Initial security incident reports could be inaccurate

Michael Daniel, head of the Cyber Threat Alliance and former special assistant to President Obama and cybersecurity coordinator on the National Security Council Staff, has been working with his organization and a coalition of nonprofit groups to develop a yet-to-be-released white paper that will provide principles and the kinds of data fields CISA should collect as it seeks to implement CIRCIA. He believes CISA is taking the right approach by moving quickly and having a deliberative process that seeks input from the industry.

One of “the key things is also going to be figuring out how we can do this in a way that’s adaptable, and it can change over time,” Daniel tells CSO. “If you’re going to have [a 72-hour reporting requirement] in there, you also have to build in the ability to update those reports. You can’t consider the incident report that comes in 72 hours after an incident the final version of what happened.”

“Because I can tell you based on my experience over the past 15, 20 years of working in this area, the first report about a cyber incident is wrong. It’s just wrong in some way. And not because people are incompetent or because they’re malicious, it’s just wrong because you don’t have all the facts and getting the facts takes time,” he says. “CISA’s going to have to accept the fact, and the government is going to have to accept the fact that reports are going to have to get updated.”
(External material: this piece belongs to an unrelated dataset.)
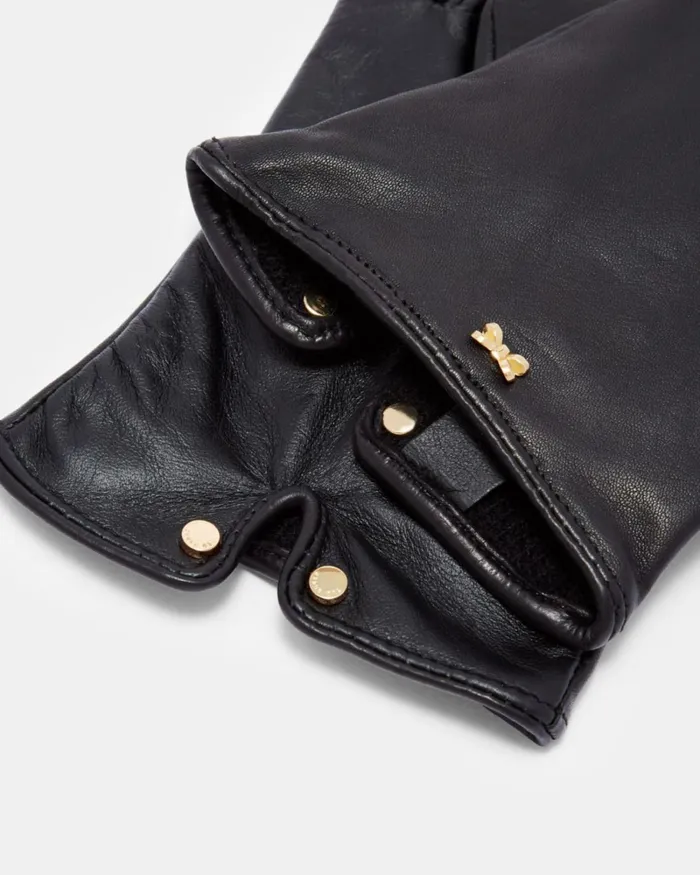 Bow Detail Leather Gloves Black Women Ted Baker Gloves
Daniels also underscores the need to harmonize and align all the various cyber incident reporting requirements. However, he concedes that achieving this alignment might be difficult because the various federal government agencies are likely to defend their rules. “Both the executive and legislative branches need to spend some time thinking about how they arrive at a common reporting timeline if it’s the same thing they’re asking to be reported,” he says.

Daniel thinks this harmonization is beyond CISA’s bailiwick and will ultimately require congressional legislation. “It will probably require congressional action to look at that because, for very good reason, many of those agencies are independent regulators, and the White House doesn’t have any ability to control or mandate what they do. So, that’s going have to be at the behest of Congress.”

Written comments on the RFI are due by November 14, 2022. CIRCIA allows 24 months for CISA to publish its initial notice of proposed rulemaking (NPRM), which won’t happen until CISA reviews the responses to the RFI, and an additional eighteen months from the NPRM to issue its final regulations. At the earliest, the reporting requirements won’t likely appear for at least two to three years, although CISA can expedite the process under the legislation.